For $~k \in \{0,1,2\},~$ let $~P(m,n,k)~$ denote the subset of $~P(m,n)~$ where the rightmost $~k~$ positions each contain a book, and the position immediately preceding these $~k~$ positions is empty. For example, $~P(m,n,2)~$ represents that the rightmost $~2~$ positions have a book, and the 3rd position from the right is empty.

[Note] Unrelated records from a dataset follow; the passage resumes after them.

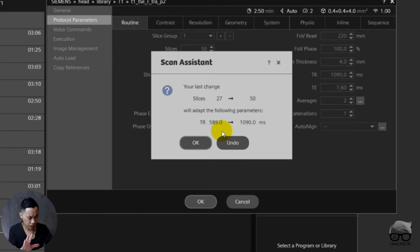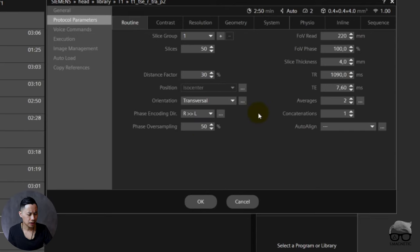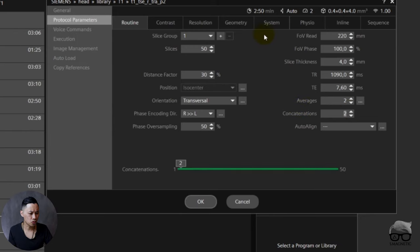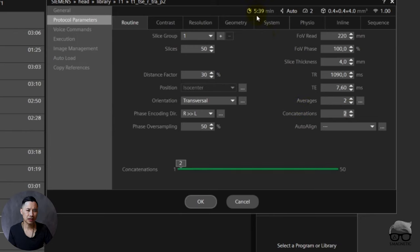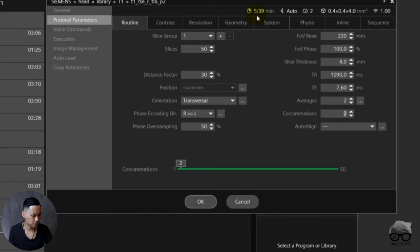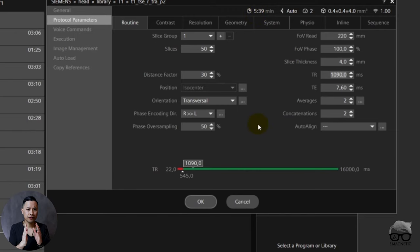So just accept this one and we're going to do some magic here. What we do now is we have 50 slices as we wanted, and we now added two concats. You just see the time increases, doubles up, because now you're running the TR twice, so of course it will double. But now look, we have 50 slices.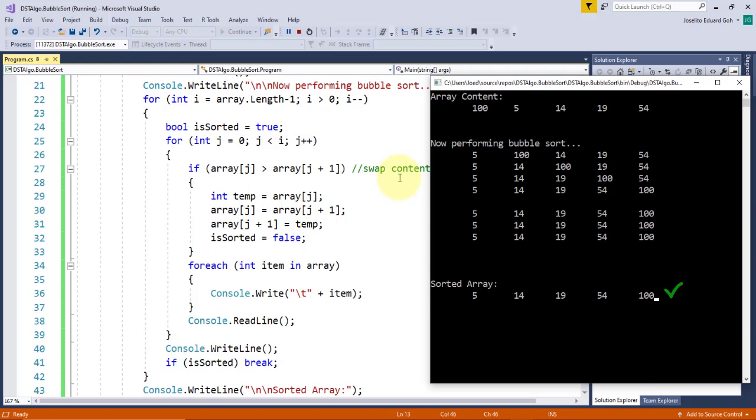And this is how you implement a bubble sorting algorithm. Now, it's your time to code.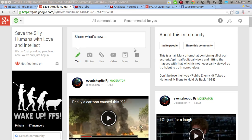Hello Internet, this is Robert J. Morris from Save Humanity and the community called Save the Silly Humans with Love and Intellect.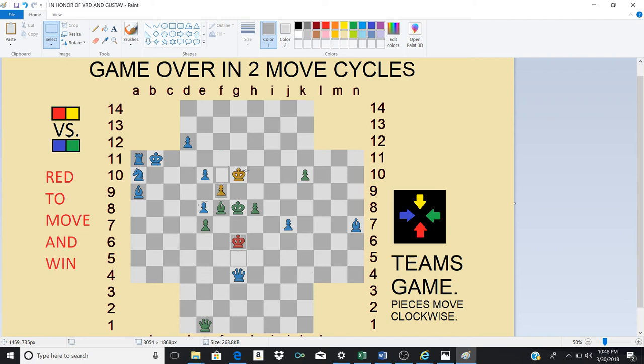Wow. Just one pawn and two kings. And that's all it takes to checkmate green.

Let $~f(m,n)~$ denote the number of elements in $~P(m,n).~$
For $~k \in \{0,1,2\},~$ let $~f(m,n,k)~$ denote the number of elements in $~P(m,n,k).~$

To facilitate expressing formulas, I am going to expand the domain of the $~f(m,n)~$ and $~f(m,n,k)~$ functions:

$$\text{For} ~n > m - \left\lfloor \frac{m}{3}\right\rfloor, ~0 = f(m,n) = f(m,n,0) = f(m,n,1) = f(m,n,2). \tag2 $$

Then:

• $f(m,n) = f(m,n,0) + f(m,n,1) + f(m,n,2).$

• $f(m,n,2) = f(m-1,n-1,1).$
  That is, you form an element in $~P(m,n,2)~$ by adding a book to the end of an element in $~P(m-1,n-1,1).$

• $f(m,n,1) = f(m-1,n-1,0).$
  That is, you form an element in $~P(m,n,1)~$ by adding a book to the end of an element in $~P(m-1,n-1,0).$

• $\displaystyle f(m,n,0) = f(m-1,n)$
  That is, you form an element in $~P(m,n,0)~$ by adding an empty space to the end of any element in $~P(m-1,n).$

The above formulas imply that

• $~f(m,n,1) = f(m-1,n-1,0) = f(m-2,n-1).$
• $~f(m,n,2) = f(m-1,n-1,1) = f(m-3,n-2).$

Therefore:

$$f(m,n) = f(m,n,0) + f(m,n,1) + f(m,n,2) = f(m-1,n) + f(m-2,n-1) + f(m-3,n-2). \tag3 $$

The equation in (3) above can be used to enumerate $~f(m,n)~$ by recursively building a two dimensional table, that starts with the following initial formulas:

• $\displaystyle f(m,1) = \binom{m}{1}.$
• $\displaystyle f(m,2) = \binom{m}{2}.$

So, you start with a table that looks like this:

$f(m,n)~$ table: \begin{array}{| r | r | r |} \hline n\backslash m & 1 & 2 & 3 & 4 & 5 & 6 & 7 & 8 & 9 & 10 \\ \hline 1 & 1 & 2 & 3 & 4 & 5 & 6 & 7 & 8 & 9 & 10 \\ \hline 2 & 0 & 1 & 3 & 6 & 10 & 15 & 21 & 28 & 36 & 45 \\ \hline 3 & 0 & 0 & 0 \\ \hline 4 & 0 & 0 & 0 \\ \hline 5 & 0 & 0 & 0 \\ \hline 6 & 0 & 0 & 0 \\ \hline 7 & 0 & 0 & 0 \\ \hline 8 & 0 & 0 & 0 \\ \hline \end{array}

Then, you apply the formula in (3) above, recursively to produce:

$f(m,n)~$ table: \begin{array}{| r | r | r |} \hline n\backslash m & 1 & 2 & 3 & 4 & 5 & 6 & 7 & 8 & 9 & 10 \\ \hline 1 & 1 & 2 & 3 & 4 & 5 & 6 & 7 & 8 & 9 & 10 \\ \hline 2 & 0 & 1 & 3 & 6 & 10 & 15 & 21 & 28 & 36 & 45 \\ \hline 3 & 0 & 0 & 0 & 2 & 7 & 16 & 30 & 50 & 77 & 112 \\ \hline 4 & 0 & 0 & 0 & 0 & 1 & 6 & 19 & 45 & 90 & 161\\ \hline 5 & 0 & 0 & 0 & 0 & 0 & 0 & 3 & 16 & 51 & 126 \\ \hline 6 & 0 & 0 & 0 & 0 & 0 & 0 & 0 & 1 & 10 & 45 \\ \hline 7 & 0 & 0 & 0 & 0 & 0 & 0 & 0 & 0 & 0 & 4 \\ \hline \end{array}

Answer 3

The number of ways to place $n$ books in $m$ spaces, with at most one book per space, such that no three books occupy three consecutive spaces, is equal to $$ \text{the coefficient of }\;\;x^ny^{m-n} \;\;\text{ in the bivariate series } \frac{1 + x + x^2}{1 - y(1 + x + x^2)}. $$ For example, when $n=3$ and $m=9$, this piece of Mathematica code evaluates to $77$, so there are $77$ ways in this case.

n = 3;
m = 9;
SeriesCoefficient[(1 + x + x^2)/(1 - y(1 + x + x^2), {x, 0, n}, {y, 0, n - m}]

You can check this on Wolfram Alpha.